Problem to solve:
Having found the line containing "Madeline Spaghetti Straps" in the data below, reproduce that line and each one after it to the end, exactly, and include nothing else.

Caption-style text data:
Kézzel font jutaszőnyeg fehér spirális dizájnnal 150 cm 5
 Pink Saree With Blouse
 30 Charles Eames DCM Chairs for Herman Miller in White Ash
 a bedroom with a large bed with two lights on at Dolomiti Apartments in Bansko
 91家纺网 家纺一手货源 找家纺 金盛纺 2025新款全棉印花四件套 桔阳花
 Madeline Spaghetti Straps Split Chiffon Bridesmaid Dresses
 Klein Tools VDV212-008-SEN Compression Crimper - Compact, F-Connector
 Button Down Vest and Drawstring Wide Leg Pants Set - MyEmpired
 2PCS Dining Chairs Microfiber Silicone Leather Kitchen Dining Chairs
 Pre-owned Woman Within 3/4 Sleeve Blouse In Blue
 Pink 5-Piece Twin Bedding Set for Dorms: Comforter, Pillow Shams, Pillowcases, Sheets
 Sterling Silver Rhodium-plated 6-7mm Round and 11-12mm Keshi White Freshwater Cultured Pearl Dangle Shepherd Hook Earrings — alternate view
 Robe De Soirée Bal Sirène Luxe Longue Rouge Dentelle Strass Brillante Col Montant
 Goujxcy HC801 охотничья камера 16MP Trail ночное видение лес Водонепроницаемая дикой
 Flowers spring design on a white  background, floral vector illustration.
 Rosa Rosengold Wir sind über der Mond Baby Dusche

Exercise result:
 Madeline Spaghetti Straps Split Chiffon Bridesmaid Dresses
 Klein Tools VDV212-008-SEN Compression Crimper - Compact, F-Connector
 Button Down Vest and Drawstring Wide Leg Pants Set - MyEmpired
 2PCS Dining Chairs Microfiber Silicone Leather Kitchen Dining Chairs
 Pre-owned Woman Within 3/4 Sleeve Blouse In Blue
 Pink 5-Piece Twin Bedding Set for Dorms: Comforter, Pillow Shams, Pillowcases, Sheets
 Sterling Silver Rhodium-plated 6-7mm Round and 11-12mm Keshi White Freshwater Cultured Pearl Dangle Shepherd Hook Earrings — alternate view
 Robe De Soirée Bal Sirène Luxe Longue Rouge Dentelle Strass Brillante Col Montant
 Goujxcy HC801 охотничья камера 16MP Trail ночное видение лес Водонепроницаемая дикой
 Flowers spring design on a white  background, floral vector illustration.
 Rosa Rosengold Wir sind über der Mond Baby Dusche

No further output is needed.